Apache Kafka: Open Source Superstar
Summer’s winding down, and so is our Syncsort Summer School series. In today’s post, we’re recapping of all things Apache Kafka.
Despite joining an already crowded Hadoop ecosystem, Kafka has been generating lots of attention. Enterprises are making room for the tool, because it is truly capable of handling data streams in real time.
The Origins of Kafka
Like so many innovations, Kafka was born out of necessity. At the time of its birth, LinkedIn was using three engineers to manage approximately 300 billion user events every day. Unfortunately, some of the data was getting lost. Since LinkedIn couldn’t very well go offline to fix their pipeline, they were in desperate need of a solution. In 2011, LinkedIn engineers Jun Rao, Jay Kreps and Neha Narkhede built Apache Kafka.
According to Narkhede: “…the typical way for businesses to know what’s going on was through batch processing once a day at midnight. That’s too slow, now. At LinkedIn, we were responsible for LinkedIn’s data systems and we said, ‘Wow. We should actually know how LinkedIn is doing – how users are accessing the website in real time.’ So we looked at everything in the space that was available, and there wasn’t really a good solution for it.”
The creators then open sourced it and watched as it was quickly adopted by thousands of companies.
Apache Kafka Basics
In short, Kafka is a distributed publish-subscribe messaging system that was designed with three critical factors in mind: speed, scalability, and durability. It collects large quantities of data in real time as it streams in via user interactions, logs, application metrics, IoT devices, stock tickers, etc., and delivers it as a real-time data stream ready for use.
As noted in our Apache Kafka Beginner’s Guide, the thing that sets Kafka apart from the herd is that it is built to play well with your existing big data tools and solutions, including many of the Apache products like Spark and Storm.
In our recent conversation with Databricks’ Reynold Xin, he discusses how Spark integrates with Kafka really well. “We took care of all the details so the user doesn’t have to worry about it. All they need to do is spark.readstream and then the Kafka stream information, and put in the topic you want to subscribe to, and now you’ve got a DataFrame.”
Analyst Robin Bloor weighed in “There is a necessity to have a very distributable message management environment that replaces the old Enterprise Service Buses, and Kafka is it.” He also believes it will likely not be dethroned.
Kafka is ideally fitted to certain use cases such as tracking website activity, and alerting/reporting on operational metrics. It can also collect collect logs from multiple services and making those logs available in standard format to multiple consumers, like Hadoop.
Expanding to the Enterprise
In late 2016, Kafka was promoted to the Enterprise. Recognizing the need for Kafka in larger operations, the team at Confluent set to work on creating an enterprise edition.
Neha Narkhede shared some details regarding the enterprise upgrade, “We just took the feature set, and made it a lot more operational, more rock solid, especially for companies who are serious about using Kafka in production. They need things like multi-data center capability, much more significant monitoring capability, and a lot of operational smarts. That goes in the enterprise version.”
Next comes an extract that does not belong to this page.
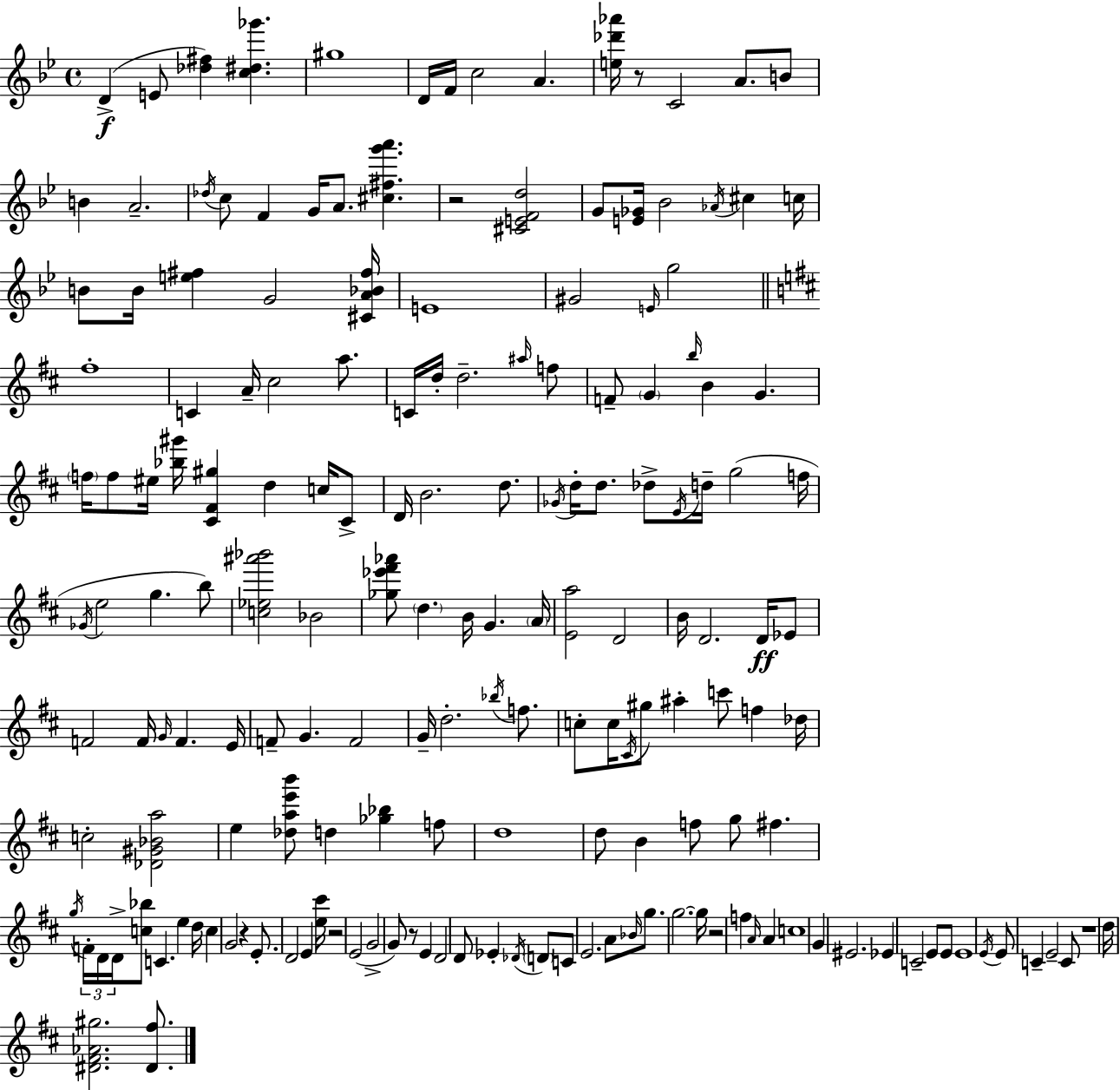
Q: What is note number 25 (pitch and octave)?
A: G4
Streaming Data Integration
If you’re interested in taking on Kafka for your use cases, Syncsort’s integration with the Kafka distributed messaging system allows users to leverage the easy-to-use graphical interface of its data integration solution, DMX-h to subscribe, transform and enrich enterprise-wide data coming from real-time Kafka queues.
In Fernanda Tavares post on integrating streaming data with Kafka, the Syncsort VP of Data Integration R&D explains, “By adding point-and-click support to Kafka sources and targets in DMX-h, we’ve made this technology more accessible to Enterprise customers and allowed them to combine batch and streaming data processing in a single platform. We did this to make Kafka more accessible to our customers because they don’t have to write code to leverage it or when they upgrade to new versions.”